Yr Wyddfa 3560ft (1085m) Snowdon

The trig point at the summit of Yr Wyddfa marks the start of the 14peaks traverse for most people. While Snowdon is without doubt a tourist mountain (each year around half a million people go to the summit) one of the great features of the traverse is that you are likely to be there at dawn and there will be few other people about.

The easiest way to the summit (train excepted) is the PYG track. It's 5 kilometres (3 miles) with 800 metres of ascent. You should allow around two hours of steady walking time to get there from Pen Y Pass.

One alternative is to bivvy at the summit but this involves more (and highly unwelcome) weight unless you can persuade your backup team to carry a tent and then take it back down the hill after cooking you an early breakfast!

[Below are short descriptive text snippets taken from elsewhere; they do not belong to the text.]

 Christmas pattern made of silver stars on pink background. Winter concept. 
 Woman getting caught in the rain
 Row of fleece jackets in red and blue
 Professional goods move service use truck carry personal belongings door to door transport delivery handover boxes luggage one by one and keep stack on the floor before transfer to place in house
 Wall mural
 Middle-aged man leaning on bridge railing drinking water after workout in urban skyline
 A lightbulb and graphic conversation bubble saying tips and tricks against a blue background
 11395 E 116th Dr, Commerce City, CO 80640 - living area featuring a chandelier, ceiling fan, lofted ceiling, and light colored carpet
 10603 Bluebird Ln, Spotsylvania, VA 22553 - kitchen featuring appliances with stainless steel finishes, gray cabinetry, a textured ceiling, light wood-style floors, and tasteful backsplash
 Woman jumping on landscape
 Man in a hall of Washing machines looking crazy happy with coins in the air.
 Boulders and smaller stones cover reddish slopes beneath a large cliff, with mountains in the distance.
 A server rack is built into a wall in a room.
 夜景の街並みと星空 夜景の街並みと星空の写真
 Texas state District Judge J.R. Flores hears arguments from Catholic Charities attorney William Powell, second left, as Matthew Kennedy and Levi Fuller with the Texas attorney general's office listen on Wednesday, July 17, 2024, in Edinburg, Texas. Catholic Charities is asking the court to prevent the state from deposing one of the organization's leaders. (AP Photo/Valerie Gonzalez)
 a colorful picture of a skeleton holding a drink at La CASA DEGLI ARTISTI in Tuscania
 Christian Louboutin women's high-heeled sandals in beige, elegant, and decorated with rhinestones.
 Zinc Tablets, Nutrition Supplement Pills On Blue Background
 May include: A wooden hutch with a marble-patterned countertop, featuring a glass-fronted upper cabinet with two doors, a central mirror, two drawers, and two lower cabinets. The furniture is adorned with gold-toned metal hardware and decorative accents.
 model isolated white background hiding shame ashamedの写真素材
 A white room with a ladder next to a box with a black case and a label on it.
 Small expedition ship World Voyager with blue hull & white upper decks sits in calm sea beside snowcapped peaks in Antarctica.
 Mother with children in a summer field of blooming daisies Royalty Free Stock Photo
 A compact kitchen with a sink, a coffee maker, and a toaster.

You get to watch the dusk (pictured) and then skip past your team in your lightweight gear.

10,000 years ago Yr Wyddfa was very heavily glaciated, resulting in cwms facing south and west as well as north and east, unusual in Snowdonia, with ice-honed aretes radiating in all directions which make for wonderfully scenic walks and scrambles.

The summit used to be crowned by a bronze –age burial cairn, that of the giant Rhita slain by a young Arthur in one story, before it was levelled in the 19th century to make way for the first hotel. On its north side is the Trinity face beloved by winter climbers, and lower down are the orange spoil heaps of the copper mines that were worked sporadically if not very profitably for over a hundred years.